Das könnte auch passieren. Unternehmen könnten sich entscheiden, mit ihren Geräten weniger Daten zu erheben, wenn die Bereitstellung zu kompliziert ist. Wenn Unternehmen ihre Datenstrategie restriktiv neuausrichten würden, könnte das zu weniger verfügbaren Daten führen, sagte Michael Kraus von der Wirtschaftskanzlei CMS schon bei der Verabschiedung des Gesetzes. "Das würde dann dem Ziel des Data Act zuwiderlaufen."

Was erhofft sich die EU durch das Datengesetz noch?

Durch den freizügigeren Datenhandel sollen nach den Plänen der EU neue Geschäftsfelder entstehen oder bestehende wachsen. Nach Angaben der EU-Kommission werden 80 Prozent der generierten Industriedaten heute nicht genutzt, obwohl in ihnen enormes Wachstums- und Innovationspotenzial steckt.

Außerdem sollen Behörden in Ausnahmefällen wie bei Waldbränden oder Hochwasserkatastrophen auf Daten zugreifen können, die in Besitz der Privatwirtschaft sind.

Und: Große Cloud-Anbieter wie Amazon Web Services, Microsoft oder Google werden nun dazu verpflichtet, illegalen Zugriff auf Daten zu verhindern und einen leichteren Anbieterwechsel zu ermöglichen.

Wie sehen Unternehmen das Gesetz?

Kritik gibt es etwa vom Digitalverband Bitkom und dem Bundesverband der Deutschen Industrie (BDI). In Deutschland herrsche wegen der EU-Verordnung noch viel Unsicherheit. Der Gesetzgeber habe es in der 20-monatigen Übergangsfrist nicht geschafft, die EU-Verordnung in deutsches Recht zu überführen, beklagten beide Verbände. Dadurch fehle es an klaren Ansprechpartnern bei den Behörden.

Eine funktionierende Datenwirtschaft sei zentral für erfolgreiche digitale Geschäftsmodelle, fügte BDI-Co-Geschäftsführerin Iris Plöger hinzu. "Der EU-Gesetzgeber greift jedoch übermäßig in die Vertragsautonomie der Industrie ein", so Plöger.

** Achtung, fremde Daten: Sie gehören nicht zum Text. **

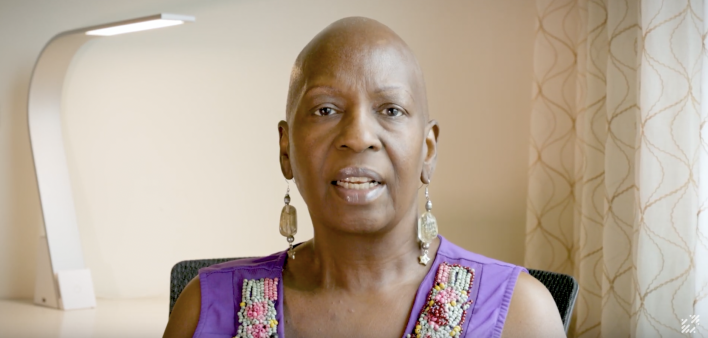 Cierra Sisters founder Bridgette Hempstead (pictured), Fred Hutch’s president and director Thomas J. Lynch Jr., MD, and others explain the harmful effects of racism in cancer research and care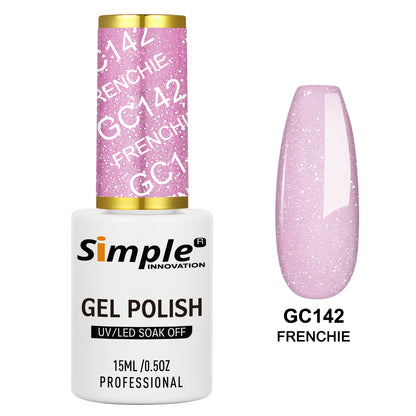 Simple Gel Colours 101-180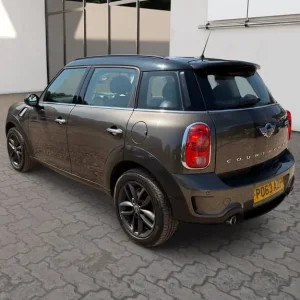 2013 MINI Countryman 2.0 Cooper S D 5dr HATCHBACK Diesel Manual - Image 5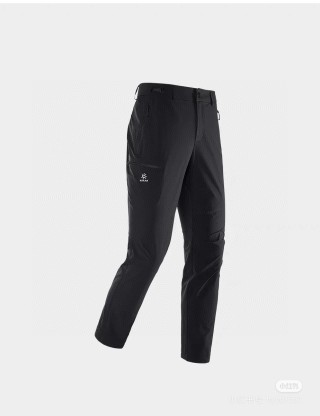 Haglöfs Navy Technical Hiking Pants view 5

Das kritisiert auch der deutsche Maschinenbauverband VDMA. Die Vertragsfreiheit im Datenaustausch zwischen Unternehmen habe bisher gut funktioniert. Die Regelungen, die der Data Act für den Schutz von Geschäftsgeheimnissen vorsieht, gingen nicht weit genug.

Positiv bewertete Bitkom-Präsident Ralf Wintergerst mögliche Chancen durch die EU-Verordnung. Das Gesetz könne datengetriebene Geschäftsmodelle voranbringen.